Detroit, MI, November 6, 2021 (Detroit Free Press) – Imagine driving your Ram 1500 down a busy stretch of road when an alert pops up on the Uconnect infotainment screen.
“CAUTION Emergency Vehicle Nearby.”
Is that likely to catch your attention more than the lights and siren?
Stellantis is apparently guessing so. The automaker is teaming up with Chicago-based HAAS Alert to test a system that would deliver safety alerts directly to vehicles.
In a recent news release, Stellantis said its initial test would include company-owned 2018 and newer Jeep, Ram, Chrysler and Dodge vehicles in metro Detroit. Depending on the results, the company said it might develop a commercial rollout plan.

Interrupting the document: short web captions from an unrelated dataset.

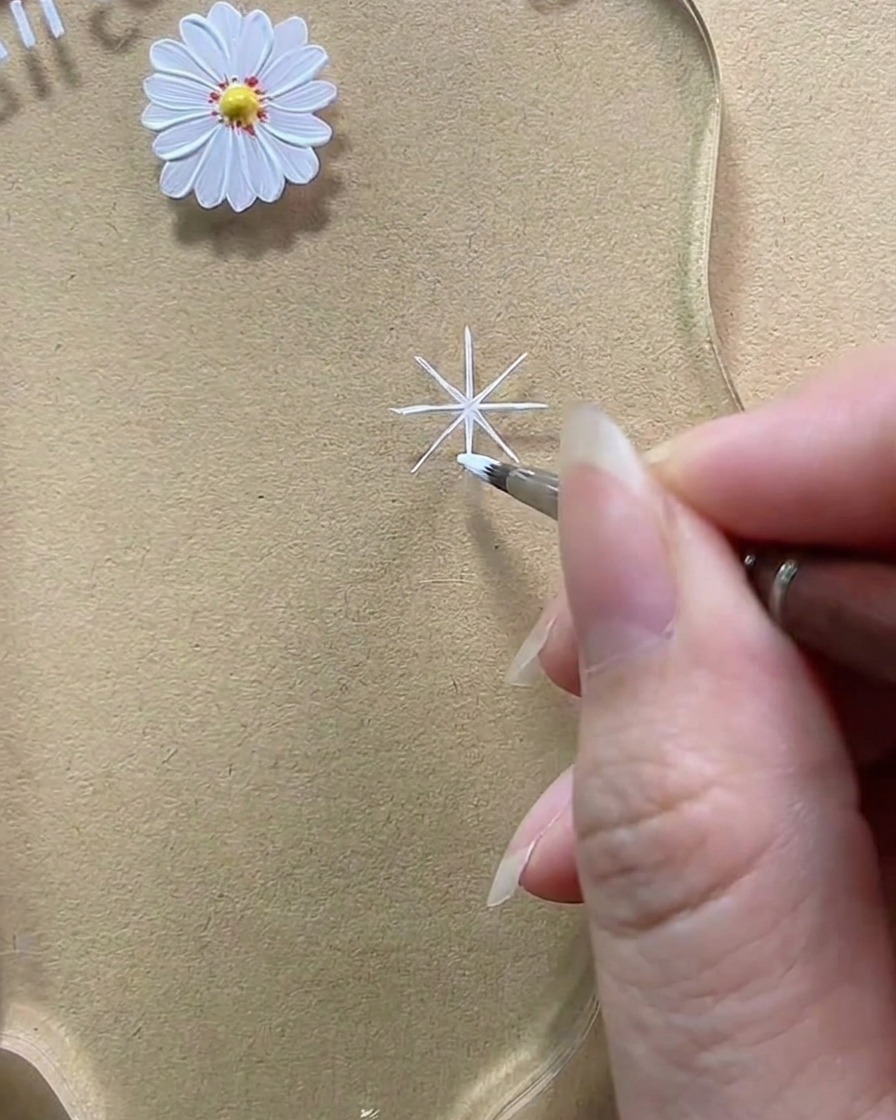 Primer plano mostrando un pincel agregando gel blanco para espesar una línea diagonal en un pétalo de lágrima redondeado.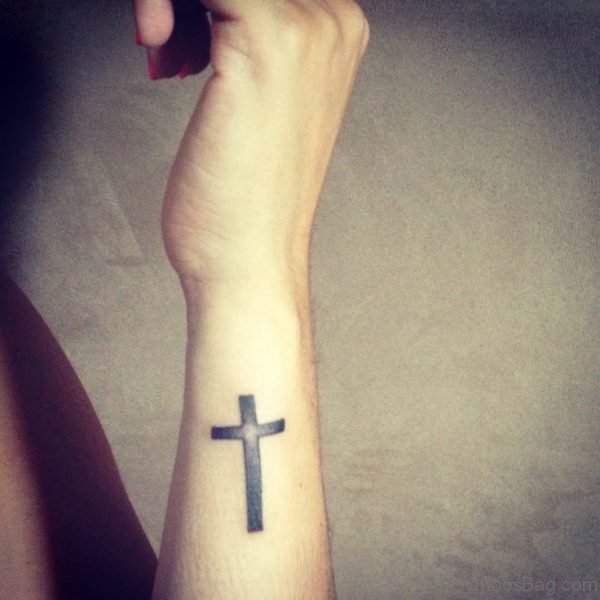 Black Cross Tattoo On Side Wrist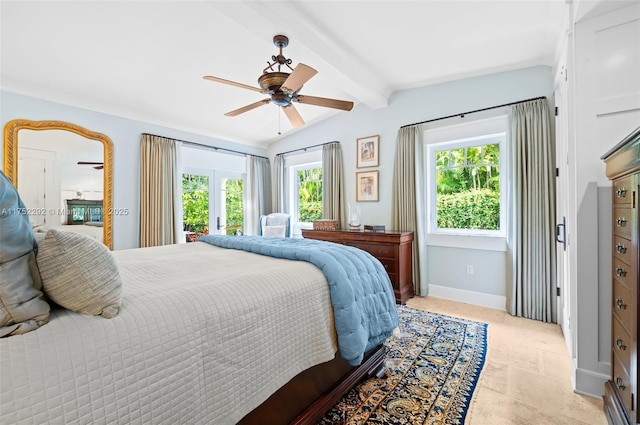 bedroom with lofted ceiling with beams, baseboards, and ceiling fan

The program is one of two notification warning systems the company is planning to test in southeast Michigan that aim to tackle a pressing safety issue and pave “the way for autonomous technology.”
The effort comes at a key moment on America’s roads.

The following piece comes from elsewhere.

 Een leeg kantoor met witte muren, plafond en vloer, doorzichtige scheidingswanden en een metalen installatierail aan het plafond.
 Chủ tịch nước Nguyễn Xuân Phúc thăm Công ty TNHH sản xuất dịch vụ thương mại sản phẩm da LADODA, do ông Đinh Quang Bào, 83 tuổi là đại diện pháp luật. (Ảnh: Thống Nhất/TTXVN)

Just last week, the National Highway Traffic Safety Administration released its crash fatality estimates for the first half of this year, showing "the largest six-month increase ever recorded in the Fatality Analysis Reporting System’s history.” That 18.4% increase over 2020 represents 20,160 vehicle crash fatalities in the first half of 2021, the largest number in that amount of time since 2006, according to the U.S. Department of Transportation.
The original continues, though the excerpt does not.